Task objective: Beginning with the line that contains "Outdoor Camping Theme", reproduce the remaining lines of the material exactly, up to and including the last one, but no pictures.

Collected data:
◇ ◇ ◇ ◇

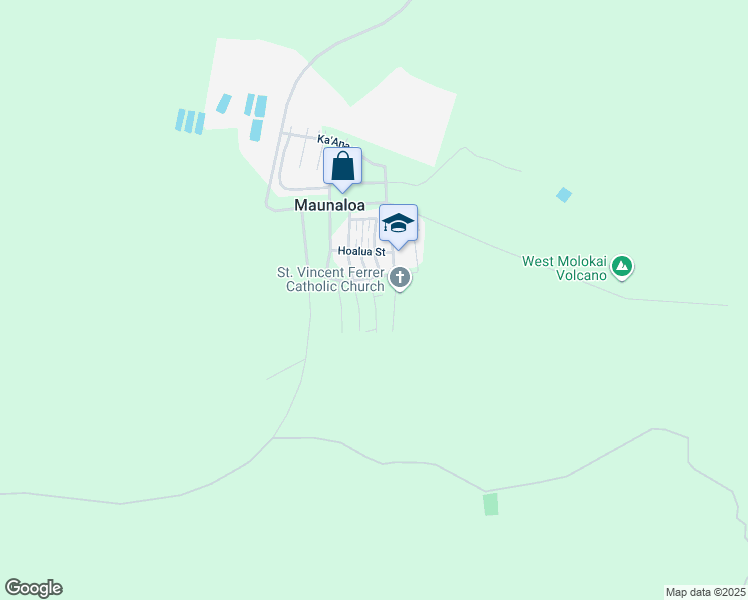 map of restaurants, bars, coffee shops, grocery stores, and more near 139 Hoaikane Street in Maunaloa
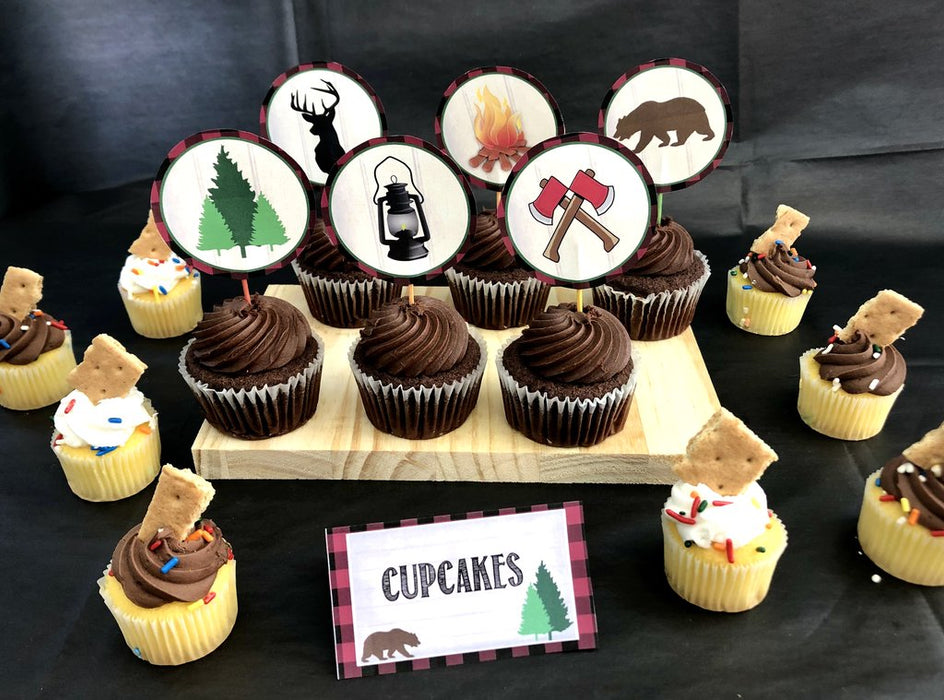 Outdoor Camping Theme Party Printable Cupcake Toppers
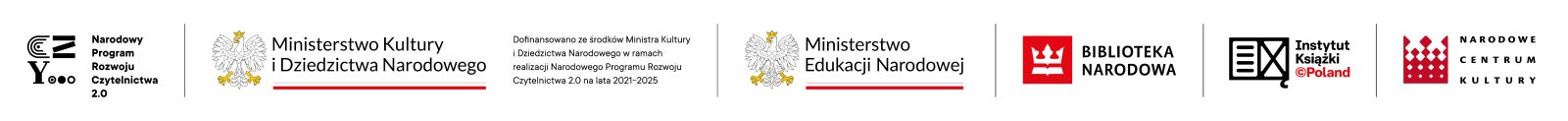 Pasek z logotypami do projektu NPRCz 2.0 (Biblioteka Narodowa w Warszawie i inne).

◇ ◇ ◇ ◇

Result of the task:
 Outdoor Camping Theme Party Printable Cupcake Toppers
 Pasek z logotypami do projektu NPRCz 2.0 (Biblioteka Narodowa w Warszawie i inne).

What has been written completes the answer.